[What you have to do] With the exception of the pictures, write out the data below precisely.

Web page caption snippets

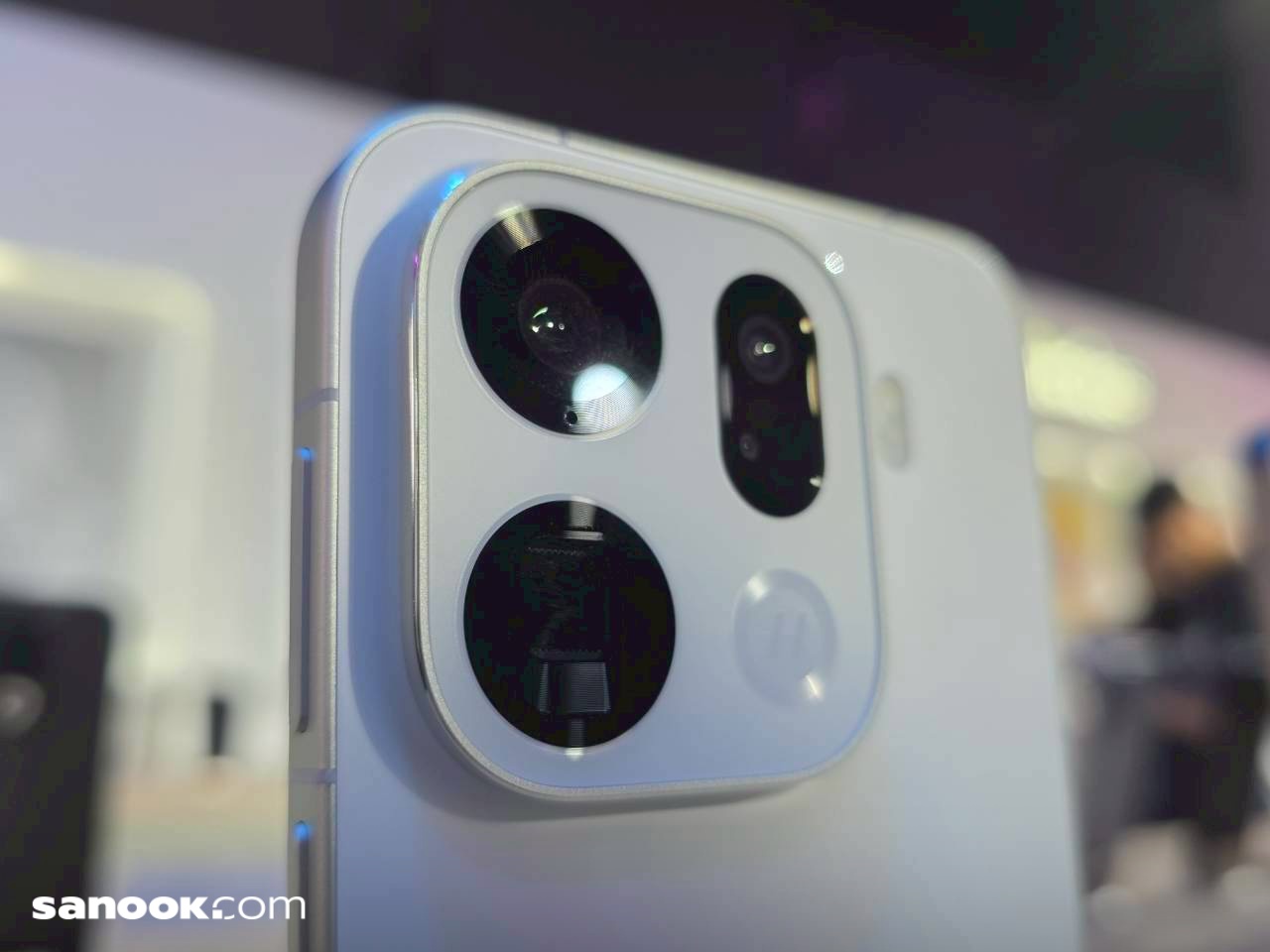 batch_line_album_findx9_25102_2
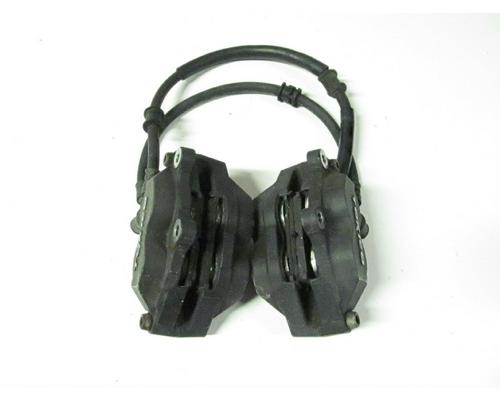 Suzuki GSX-R750 FRONT CALIPER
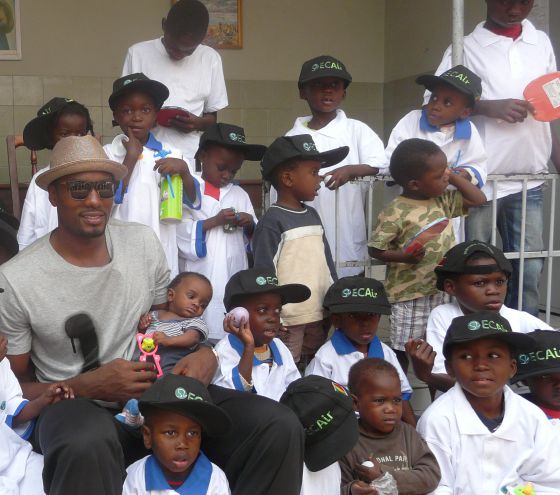 El proyecto de Serge con Unicef se centra principalmente en niños y niñas huérfanos de su ciudad natal, Brazzaville,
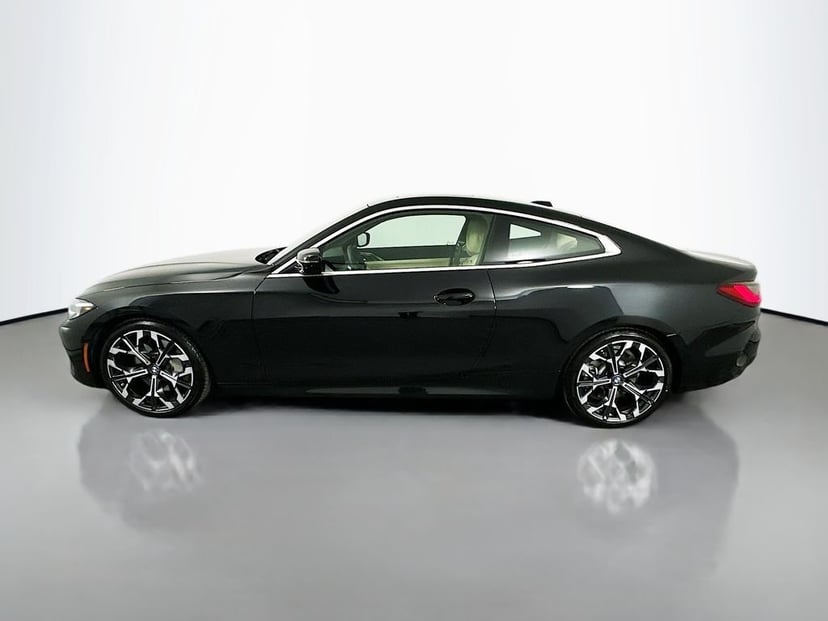2025 BMW 4 Series - Image 8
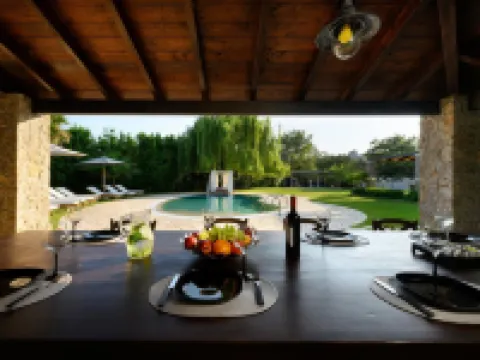 Villa Black White Dassia Hotéis em Dassia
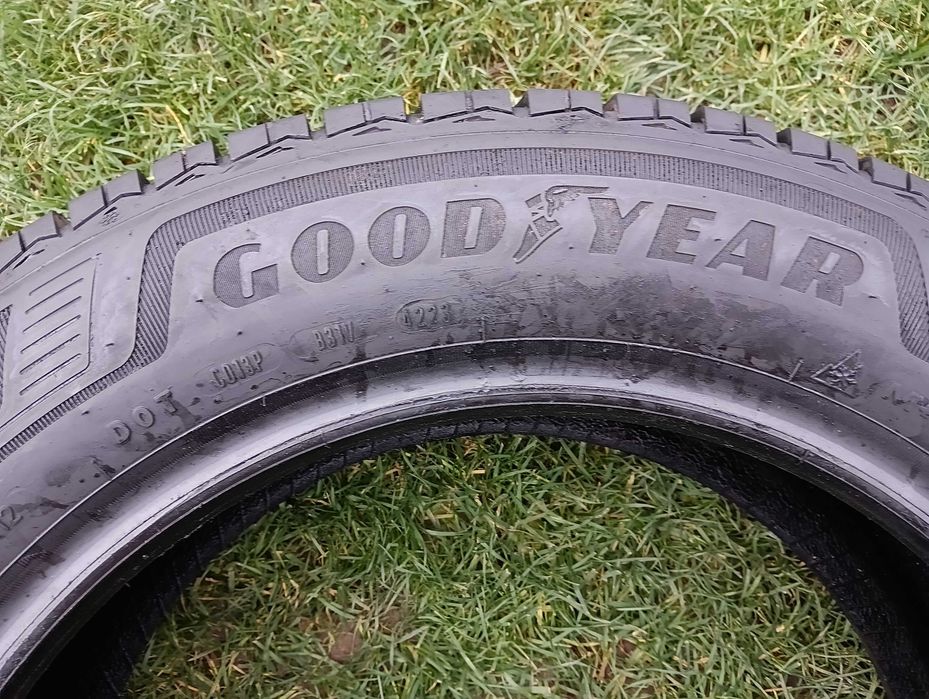 opona 215/60/17C Goodyear Vector 4 seasons Cargo 1 sztuka 8mm 2023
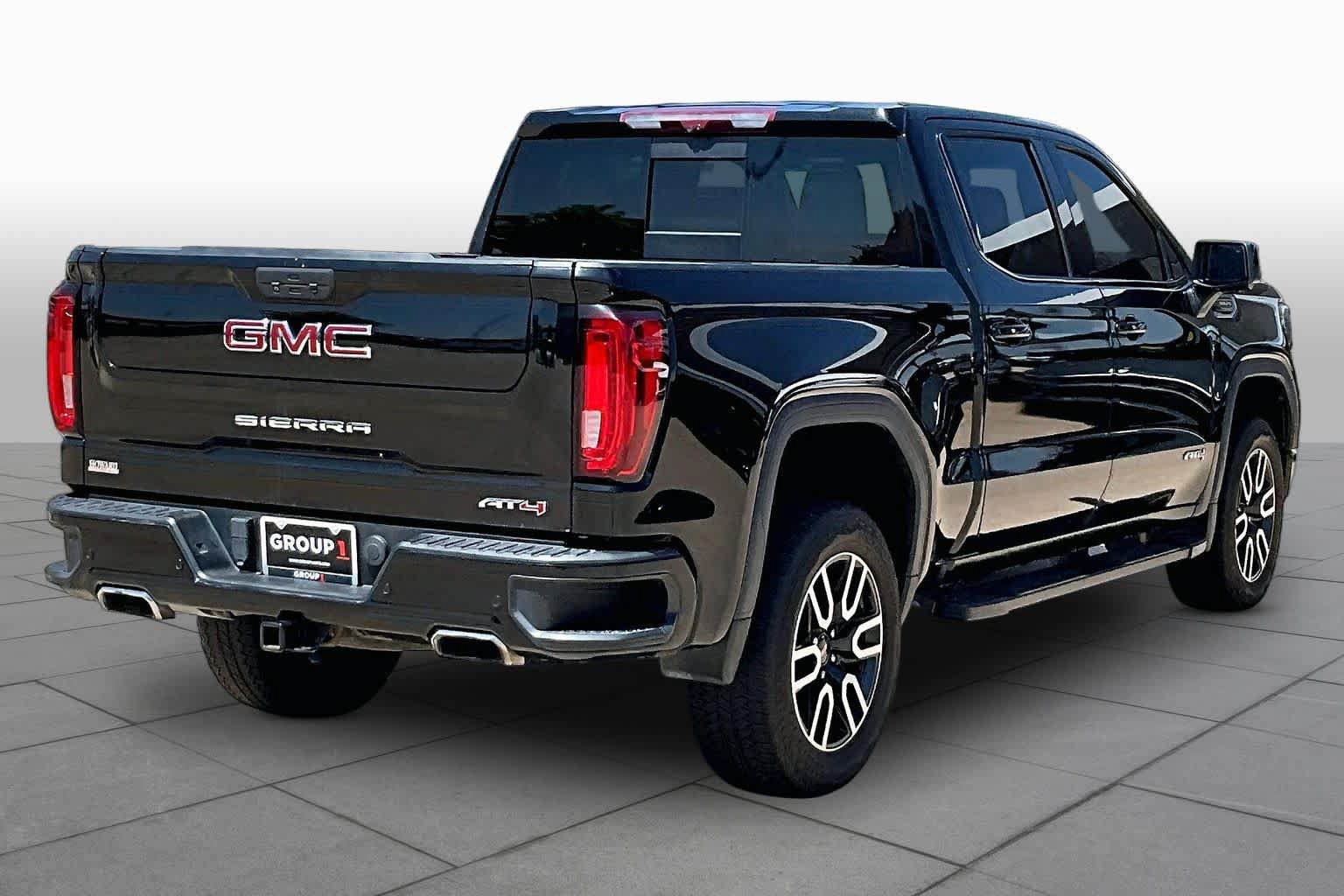 Used 2020 GMC Sierra 1500 AT4 w/ AT4 Premium Package AWD/4WD image 11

[Solution to this exercise]
 batch_line_album_findx9_25102_2
 Suzuki GSX-R750 FRONT CALIPER
 El proyecto de Serge con Unicef se centra principalmente en niños y niñas huérfanos de su ciudad natal, Brazzaville,
2025 BMW 4 Series - Image 8
 Villa Black White Dassia Hotéis em Dassia
 opona 215/60/17C Goodyear Vector 4 seasons Cargo 1 sztuka 8mm 2023
 Used 2020 GMC Sierra 1500 AT4 w/ AT4 Premium Package AWD/4WD image 11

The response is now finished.